Last set of figures I saw, NZ gets 70% of its electricity from renewables and the remainder is thermal generation from fossil fuels - think Huntly and the various CCGT plants. What, exactly, is going to replace them when the oil and gas runs out?
"<50 fatalities over 40 years"
So Nuclear Power is safer than Paracetemol?
A bottle of Paracetemol,
will not still be poisoning people in a thousand years....
"earthquake, tsunami and nuclear disasters"
No-one's mentioned the volcano yet.
something smells here.
how come, 1001 times over, the nuke industry et all has done reviews of safety, procedures et all, yet no one thought,
we're in a major earth quake area, oh if we have an off shore earthquake, we can get a tsunami, and that could take out the backup generators.
this is a major system engineering 'mistake'.
each bit of the industry seems to have worked, but the system has let us all down.
who is going to fall on their sword, but will that make things better.
as for the initial el reg comment about this being a nuke success story, I think that might have been a little early.
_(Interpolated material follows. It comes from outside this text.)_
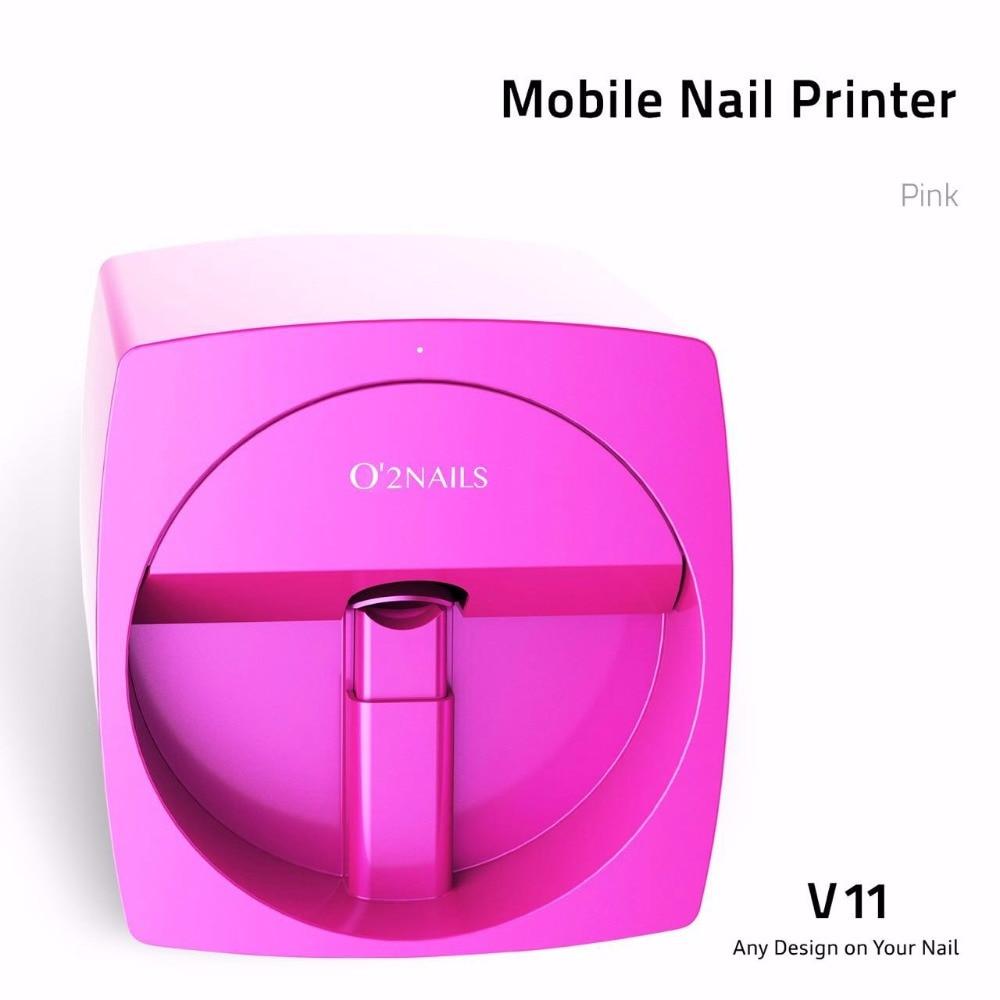 Imprimante pour ongles mobile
this is a silly mistake that could and should have been foreseen, and it makes one worried about what other easy things have been missed.
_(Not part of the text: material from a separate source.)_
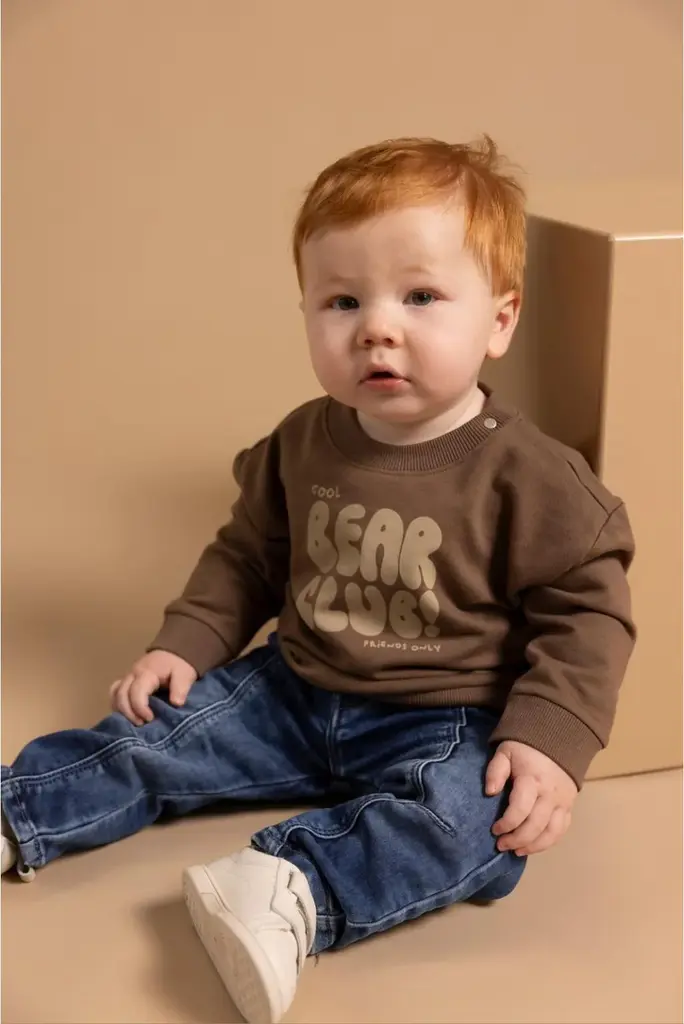 Noppies Noppies Sweater LS - Brown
The way I see it, this is still a rather good outcome. Considering how many things have gone wrong (worse quake than expected, worse tsunami damage than expected), the aging site has performed very well. I will grant that additional preparatory steps could have been taken (such as housing the diesels in a waterproof structure).
I would be more concerned about a few aging sites elsewhere in the world, which were built before various nuclear moratoriums came into effect after the Chernobyl revelation. Granted the Cold War, and all the radiation detectors built to monitor Soviet nuclear activity, we didn't know just HOW BAD the disaster was there, until much later. Newer designs are even less susceptible than Fukishima's 10 reactors, so there is little worry for our world.
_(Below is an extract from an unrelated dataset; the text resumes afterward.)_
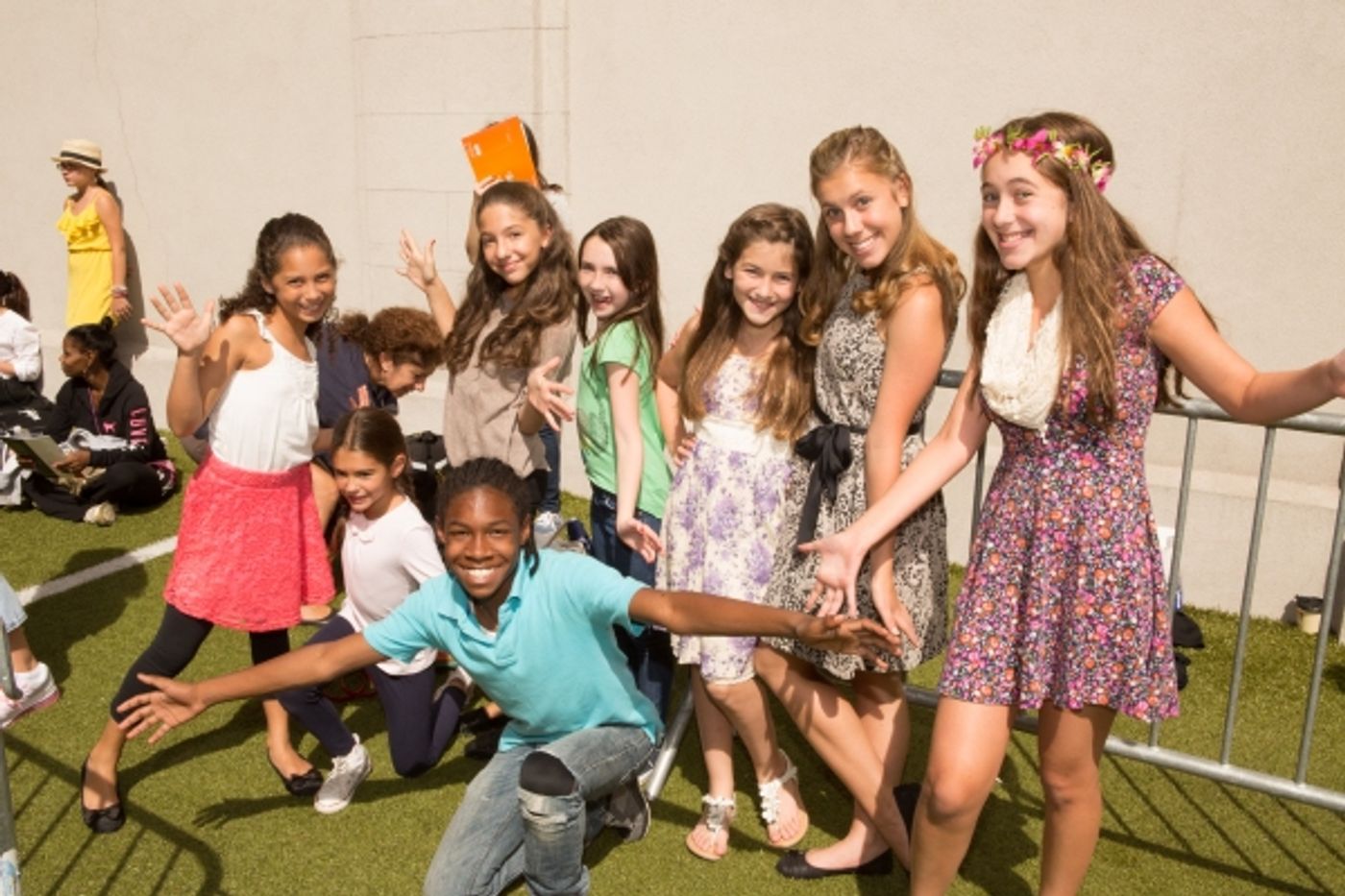 Photo Coverage: Calling All Von Trapps! Inside the Kids Audition for NBC's THE SOUND OF MUSIC  Image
As to radiation being released into the air, most of that dissipates seconds/minutes/hours. The small portion of longer-lasting contamination is cast over a wide area, further dissipating it. People have lived for hundreds of years in areas where the background is above modern "legal limits", mainly because the limit is so amazingly low. Hell, the DEEPLY exposed supervisor of that retarded Windscale experiment only died recently, and are a surprising number of people from Hiroshima and Nagasaki still alive. (Another recent death was the man who survived BOTH nuclear blasts, having returned to Nagasaki to report the devastation at Hiroshima.)
re: NZ 100% renewable? Not!
@Martin Gregorie No, it's not 100% renewable, but I never said it was. The bulk is renewable and we don't have any nuclear to worry about at times like these. Considering NZ is at over 70% renewable now, and it is predicted to raise to 83% over the next couple of decades, we're in a pretty good position to completely avoid the need for nuclear power here -- even if the natural gas runs out.
Back to the main topic, as another commentator said the men dealing with the situation now are truly heroic and I hope they can grab control of this situation soon.
the other one
interesting article here about chernobyl
Who designed to spent fuel cooling systems and civil works??
Does anyone know if those spent fuel holding areas were designed by GE? What about the design of its location, and structural supports?
I ask because, many of these large projects are a shared collaboration of many companies...but heres an example.
I would imagine if my furnace downstairs starts smoking and melting or givving off fumes. I'd call the manufacturer ? And if that manufacturer owned many media stations and had their hands in most of the technology in my house..You can be pretty sure neither of us would be telling the press much.
We would be hell bent on fixing the problem ..but so absorbed in that, warning the rest of my neighbors would be an afterthought?
So analogy is that I think the vagueness and quietness about japans nuclear plant issues effects is due to who they are dealing with and japans culture of loyalty, honor, and trust in the government fixing it.
Personally, I wouldn't take silence as 'everthings going fine'. They would be advertising how they saved the day if it was all good!!